=== Section Start ===

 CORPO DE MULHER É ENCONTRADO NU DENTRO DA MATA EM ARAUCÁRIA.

=== Section End ===
=== Section Start ===

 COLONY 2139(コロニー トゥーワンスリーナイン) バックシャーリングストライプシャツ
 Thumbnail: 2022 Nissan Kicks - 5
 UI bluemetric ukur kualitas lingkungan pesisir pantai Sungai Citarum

=== Section End ===
=== Section Start ===

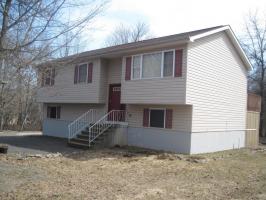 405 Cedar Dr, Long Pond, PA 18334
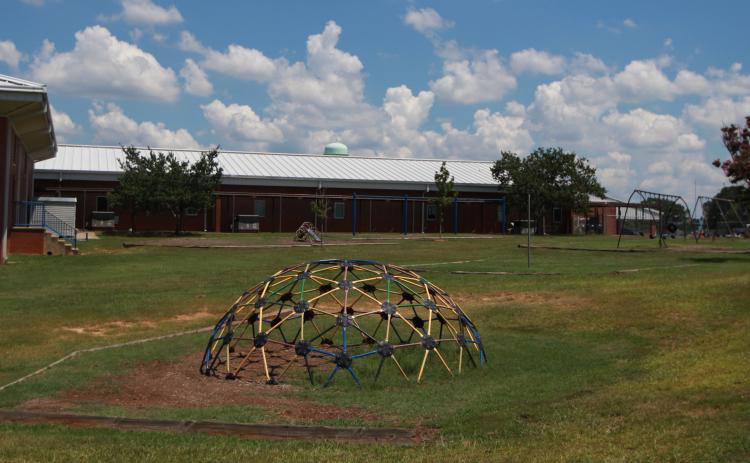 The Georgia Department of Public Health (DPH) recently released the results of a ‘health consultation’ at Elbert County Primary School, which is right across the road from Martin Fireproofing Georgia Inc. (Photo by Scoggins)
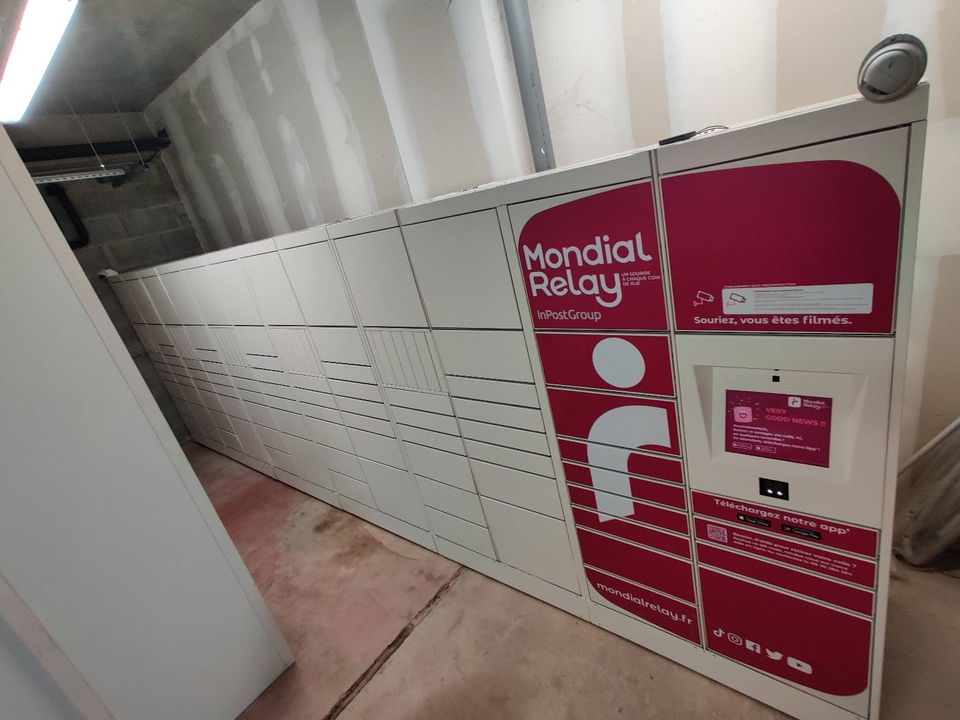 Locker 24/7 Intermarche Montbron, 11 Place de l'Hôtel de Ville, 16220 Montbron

=== Section End ===

Output only the lines above from the one containing "The Georgia Department" to the one containing "Locker 24/7 Intermarche", both included, exactly as written and with no pictures.

 The Georgia Department of Public Health (DPH) recently released the results of a ‘health consultation’ at Elbert County Primary School, which is right across the road from Martin Fireproofing Georgia Inc. (Photo by Scoggins)
 Locker 24/7 Intermarche Montbron, 11 Place de l'Hôtel de Ville, 16220 Montbron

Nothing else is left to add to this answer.